Mr Otswald, 54, told the Ham&High: “The shop is in no way meant to be ‘political’ or ‘pro Brexit’, but we have had a lot of complaints saying it is or we are ‘racist!”

“A guy came in the other day and said, ‘what’s this, a charity shop?’ and we said, ‘no, not at all’, and he said, ‘well it’s racist’, and stormed out.”

Mr Ostwald added: “People have been coming in and just tutting and walking out.”

There have been other comments on Facebook, with one person arguing that the name is not inclusive.

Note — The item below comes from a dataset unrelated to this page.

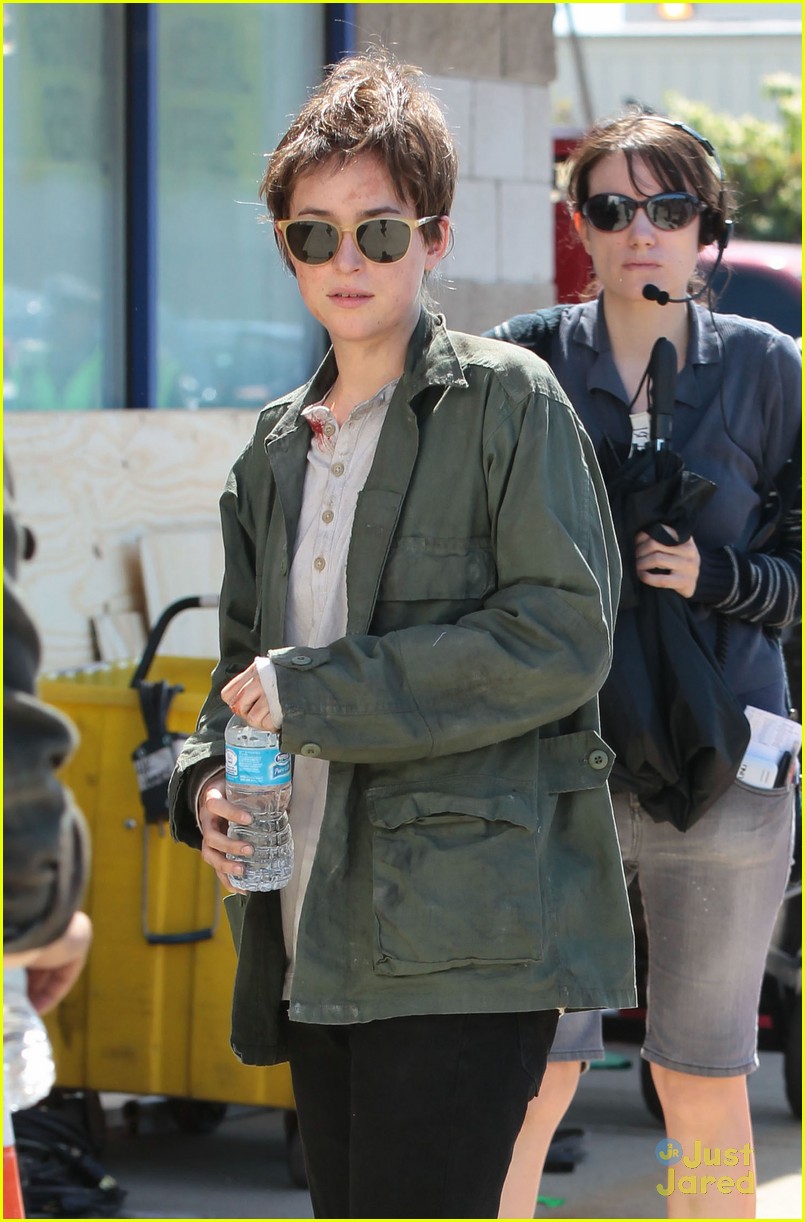 Dakota Johnson: Short Brown Hair for 'Cymbeline' with Penn Badgley!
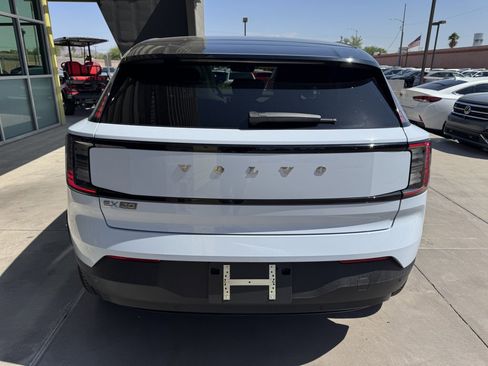 Used 2025 Volvo EX30 Ultra image 13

One man wrote on public Facebook group Muswell Hill and Friends: “Chris, while I applaud you setting up a business in Muswell Hill and employing local people I’m curious as to why you decided to call your shop ‘Really British’ (besides the obvious point that you will sell British made goods)?

“Like many people I live in London because of its international nature, and for me personally having a big sign on the Broadway saying ‘Really British’ makes me feel you’re implying that other local businesses in the area are therefore somehow ‘not really British’.

“Some will no doubt say I’m over-sensitive but I can’t help thinking that given the recent divisive referendum and the current political climate you might have chosen a more inclusive name in 2016.”

This invidious disease of proud anti-patriotism is particularly British. In America, whether you are on New York’s Fifth Avenue or Main Street in some small Mid-Western town, a shop which celebrates Americana and American heritage would be celebrated and universally popular. In France, shops which sell traditional French produce and goods are happily frequented by tourists and locals alike.

Only in Britain are we cursed with a sub-population of pinch-faced killjoys who have been bred to believe that any expression of pride in Britain is “scary” and somehow tantamount to racism. Only in the fashionable and gentrifying parts of London and Britain’s other major cities does one find this pitiful tribe of people who are allergic to their own flag.

Only in places like London’s Muswell Hill do people hold the country which gives them life and liberty in such horrified, sneering contempt.